Glassy dynamics of model colloidal polymers: The effect of "monomer" size.

Abstract

In recent years, attempts have been made to assemble colloidal particles into chains, which are termed "colloidal polymers." An apparent difference between molecular and colloidal polymers is the "monomer" size. Here, we propose a model to represent the variation from molecular polymer to colloidal polymer and study the quantitative differences in their glassy dynamics. For chains, two incompatible local length scales, i.e., monomer size and bond length, are manifested in the radial distribution function and intramolecular correlation function.

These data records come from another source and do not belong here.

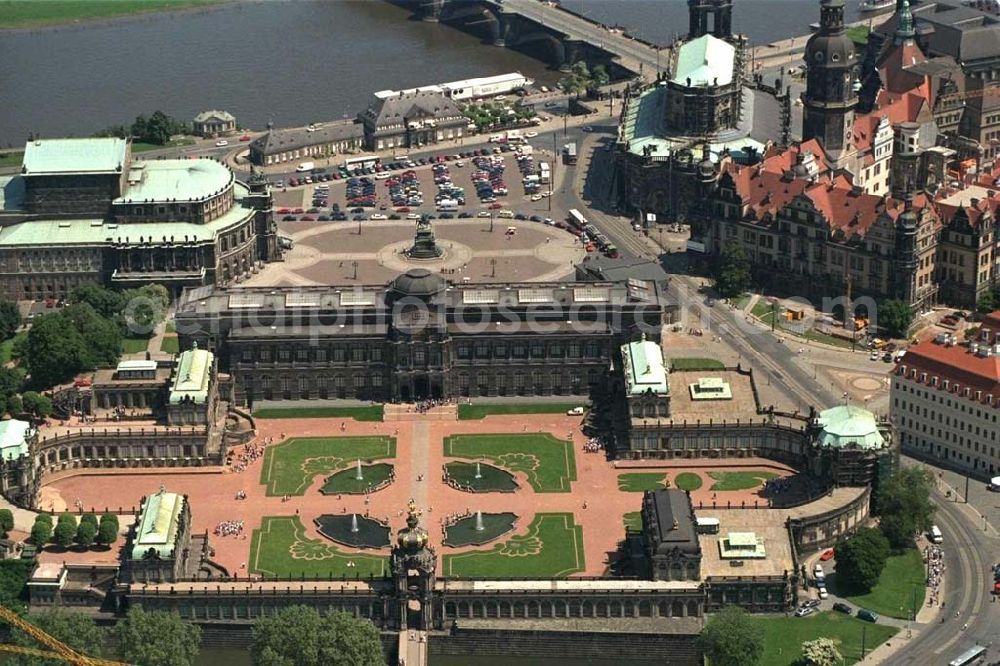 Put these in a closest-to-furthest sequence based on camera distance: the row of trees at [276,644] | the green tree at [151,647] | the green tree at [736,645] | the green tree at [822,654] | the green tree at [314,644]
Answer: the green tree at [314,644] < the row of trees at [276,644] < the green tree at [151,647] < the green tree at [822,654] < the green tree at [736,645]

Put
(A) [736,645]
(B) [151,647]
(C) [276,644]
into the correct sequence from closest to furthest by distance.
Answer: (C) [276,644] → (B) [151,647] → (A) [736,645]

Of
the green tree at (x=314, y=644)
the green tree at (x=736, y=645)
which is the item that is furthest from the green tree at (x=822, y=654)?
the green tree at (x=314, y=644)

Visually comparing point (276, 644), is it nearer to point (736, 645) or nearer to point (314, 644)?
point (314, 644)

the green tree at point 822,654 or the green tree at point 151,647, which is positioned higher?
the green tree at point 151,647

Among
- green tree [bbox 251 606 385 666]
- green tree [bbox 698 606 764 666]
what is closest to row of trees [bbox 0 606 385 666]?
green tree [bbox 251 606 385 666]

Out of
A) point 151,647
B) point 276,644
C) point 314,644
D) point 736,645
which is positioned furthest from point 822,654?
point 151,647

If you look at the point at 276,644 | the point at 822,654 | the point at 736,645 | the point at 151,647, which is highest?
the point at 276,644

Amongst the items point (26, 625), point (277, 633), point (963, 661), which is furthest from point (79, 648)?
point (963, 661)

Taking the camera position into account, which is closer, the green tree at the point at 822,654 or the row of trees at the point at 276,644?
the row of trees at the point at 276,644

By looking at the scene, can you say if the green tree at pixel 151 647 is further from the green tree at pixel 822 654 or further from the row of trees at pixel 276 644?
the green tree at pixel 822 654

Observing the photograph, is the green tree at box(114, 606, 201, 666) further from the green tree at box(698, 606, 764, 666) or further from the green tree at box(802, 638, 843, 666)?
the green tree at box(802, 638, 843, 666) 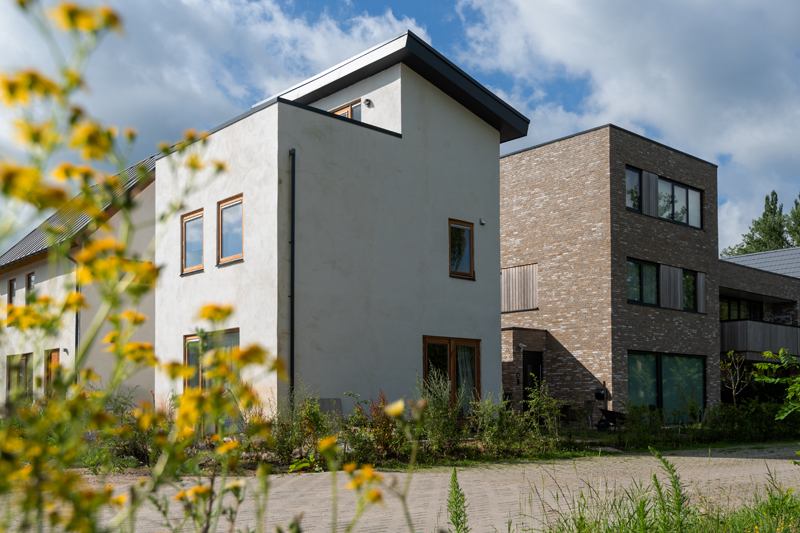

The mean square displacement of monomers exhibits Rouse-like sub-diffusion at intermediate time/length scale and the corresponding exponent depends on the volume fraction and the monomer size. We find that the threshold volume fraction at which the caging regime emerges can be used as a rescaling unit so that the data of localization length versus volume fraction for different monomer sizes can gather close to an exponential curve. The increase of monomer size effectively increases the hardness of monomers and thus makes the colloidal polymers vitrify at lower volume fraction. Static and dynamic equivalences between colloidal polymers of different monomer sizes have been discussed. In the case of having the same peak time of the non-Gaussian parameter, the motion of monomers of larger size is much less non-Gaussian. The mode-coupling critical exponents for colloidal polymers are in agreement with that of flexible bead-spring chains.